* [Records for the exercise]:
----------

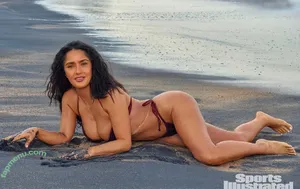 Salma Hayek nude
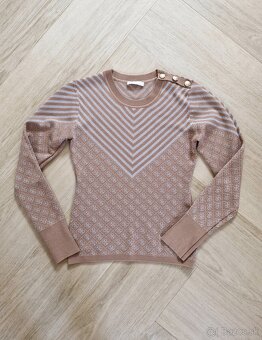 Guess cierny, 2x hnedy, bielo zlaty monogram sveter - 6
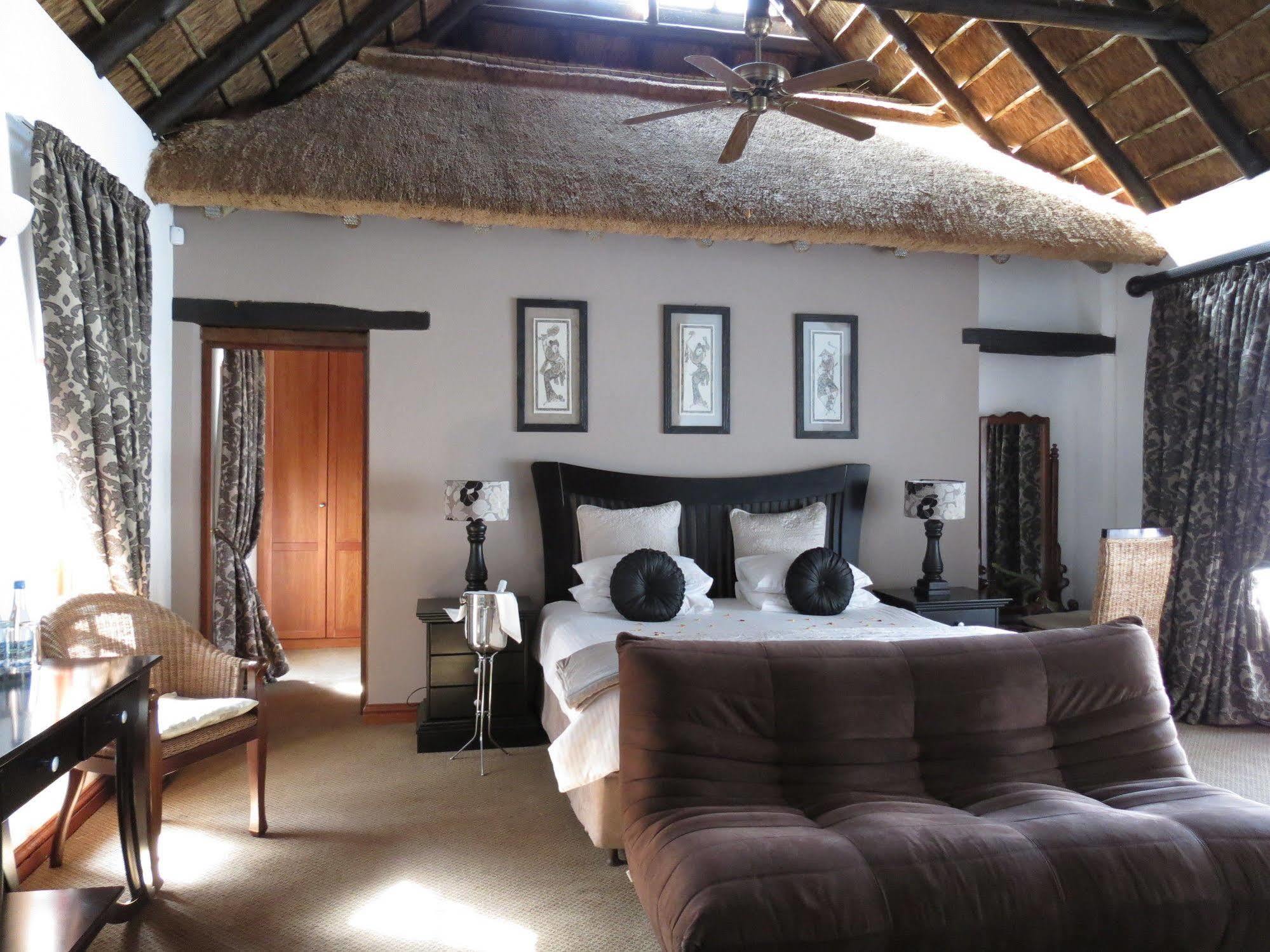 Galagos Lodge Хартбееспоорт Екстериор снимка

----------

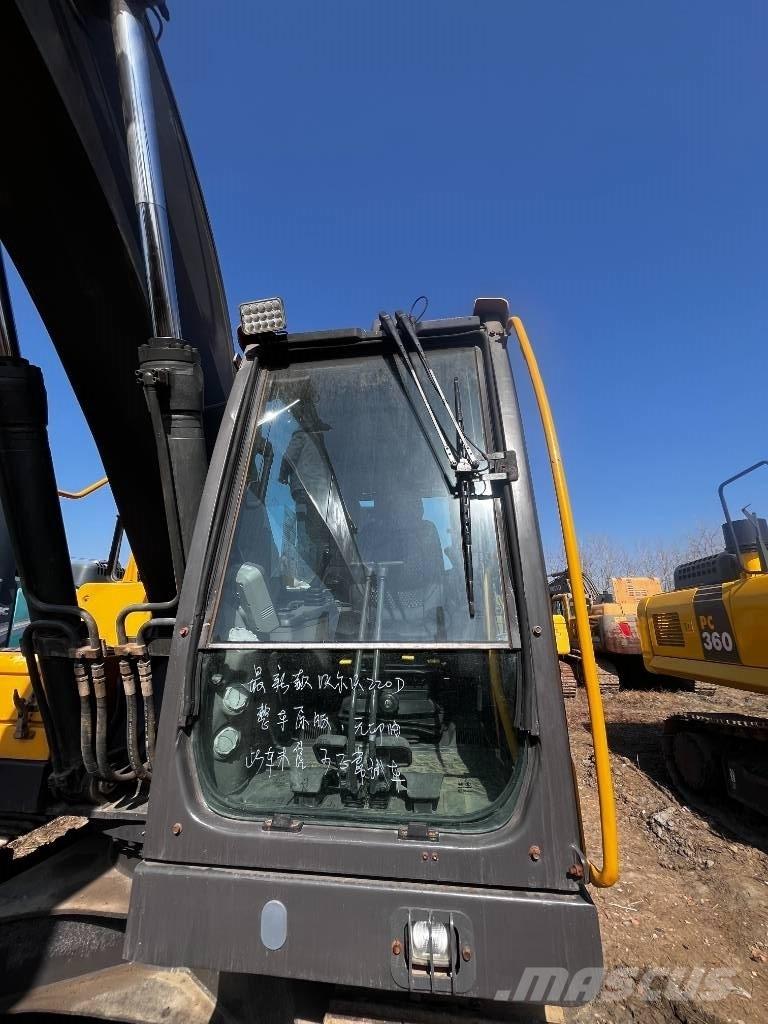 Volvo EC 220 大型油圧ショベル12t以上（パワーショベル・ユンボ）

----------

Look back at the data above, then output exactly the lines from the line holding "Salma Hayek nude" up to and including the line holding "Galagos Lodge Хартбееспоорт Екстериор снимка". Leave out the pictures.

* [Response to the exercise]:
 Salma Hayek nude
 Guess cierny, 2x hnedy, bielo zlaty monogram sveter - 6
 Galagos Lodge Хартбееспоорт Екстериор снимка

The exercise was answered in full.